Na entrada do auditório, antecipando um pouco do que seria o evento, estavam afixados os resultados da enquete realizada por alunos da ESS. Foram consultadas 199 pessoas, dentre as quais, 188 responderam que sabem o que é o “caveirão”, frente a seis, que desconhecem o veículo blindado usado pelo Batalhão de Operações Especiais da Polícia Militar do Estado do Rio de Janeiro (BOPE). Enquanto 15 das pessoas entrevistadas são favoráveis ao veículo, 160 são contra; 163 pessoas declararam que não se sentiriam mais seguras caso o “Caveirão” passasse em suas ruas, enquanto apenas dez responderam que sim. Por fim, quando questionadas quanto à eficácia do veículo como instrumento de combate à violência, 179 pessoas disseram que não acreditam que ele cumpra essa função, enquanto somente dez afirmaram o contrário.

Compondo a mesa de discussão estavam presentes os deputados estaduais Marcelo Freixo, do PSOL/RJ e Flávio Bolsonaro, eleito pelo PP/RJ, o tenente-coronel Mario Sérgio de Brito, ex-comandante do Batalhão da Maré e Maurício Campos, da Rede de Comunidades e Movimentos Contra a Violência.

O ex-comandante do batalhão do Complexo da Maré classificou o carro blindado como um instrumento de proteção ao policial, afirmando ainda, que o Rio de Janeiro não é o primeiro a fazer uso desse tipo de equipamento, e que, hoje em dia na polícia, a perda de homens em confrontos, por falta de equipamentos básicos como colete à prova de balas de fuzil, é comum.

Em sua fala, Freixo primeiramente abordou a questão da agressão que o “caveirão” representa. “Ele é um símbolo e não tem esse nome à toa”- disse, contando ainda a mensagem que mais freqüentemente é disparada por seus alto-falantes “Sai da frente; Vim buscar sua alma!”. Em sua opinião, e na da maioria da platéia – pelo que se viu na quantidade de aplausos que o deputado recebeu – o policial que está dentro do carro, fala pelo Estado e tem responsabilidades que isso acarreta. O Estado, que na maioria das vezes, deixa de entrar com saúde, educação e trabalho nas comunidades carentes só se faz presente através do medo.

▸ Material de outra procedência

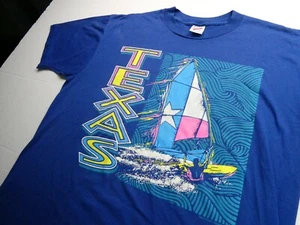 Camiseta Vintage Texas Wind Surfer, Talla Grande (L), Etiqueta Jerzeez, Azul - Imagen 1 de 14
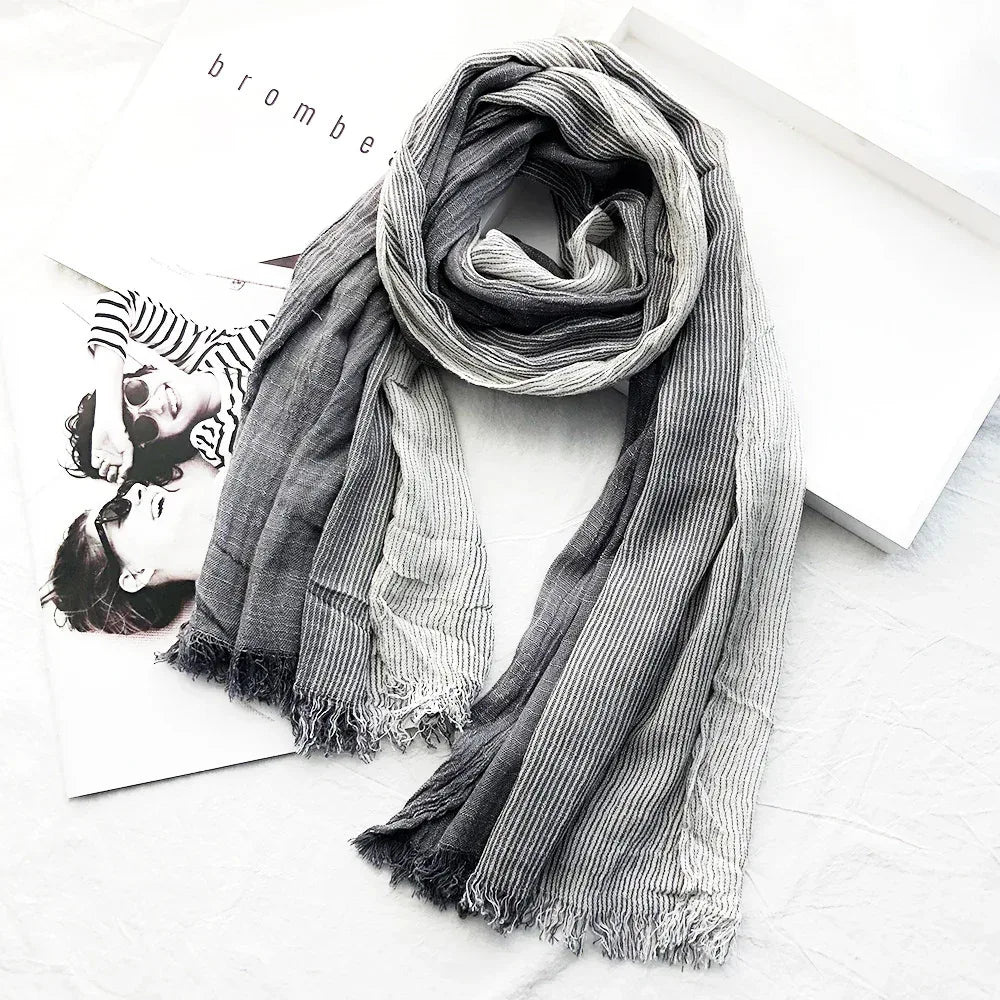 Women's Striped Cotton And Linen Scarf Shawl - DanaFashionstore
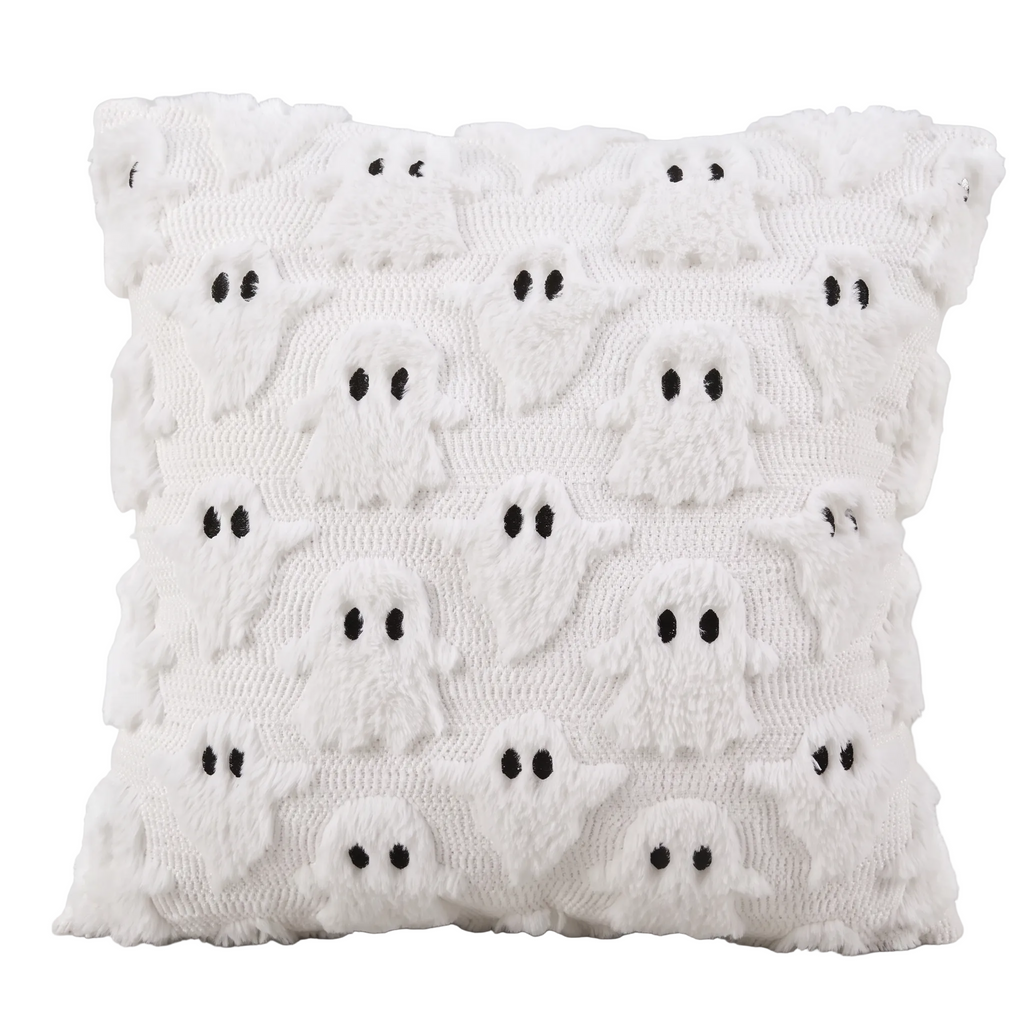 Halloween Pudecover | Spøgelse- & Græskarmønster | Polyester-Bomuld Dekorativt Pudebetræk Til Sofa, Seng & Sæsonpynt | Vanero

Marcelo lembrou que se o carro blindado já foi usado outras vezes e em outros lugares, o primeiro dos quais foi na África do Sul, durante o Apartheid. “Hoje, a segurança pública é instrumento de uma política de apartheid. Não dá para levar esse debate para o lado pessoal, obviamente todos queremos o policial vivo, mas levando em conta que 75% das mortes de policiais não acontece no serviço, mas voltando para casa, vemos que com o ‘caveirão’, o que se tem, é uma política de controle de gueto”, disse ele.

 

Bolsonaro, que iniciou seu discurso ironizando a fala anterior, segundo ele “uma piada”, declarou que o policiamento e as operações policiais na Zona Sul têm de ser completamente diferente dos de uma favela, propondo, também em tom de ironia, que no próximo orçamento de segurança se pusesse uma cifra destinada a comprar pombas brancas, que deixariam a cidade mais em paz. Segundo ele, pobreza não seria sinônimo de criminalidade, mas não há como resocializar alguém que nem socializado foi, se referindo aos criminosos. “Parece que a culpa da quantidade de mortes é do policial, não do marginal”, disparou por fim.

– Seria muito interessante fazer um debate desses com os soldados que estão em confronto com a comunidade no dia-a-dia – ,  foi essa a primeira questão levantada por Mauricio Campos, da Rede Comunidades e Movimentos Contra a Violência. Segundo ele, o blindado só serve para a manutenção de um sistema de guerra na cidade, assim como para garantir a sensação de segurança, na Sul e no asfalto, de uma maneira geral. Valeria à pena, na visão das políticas de segurança, sacrificar a população carente das favelas. Ele lembrou que o negócio pesado do tráfico não está baseado nas favelas, e por isso, há que se pensar no fato de que o confronto não é uma solução: a droga geralmente vem de fora da favela; e nem o policial é o culpado, ele só cumpre ordens que vem de cima.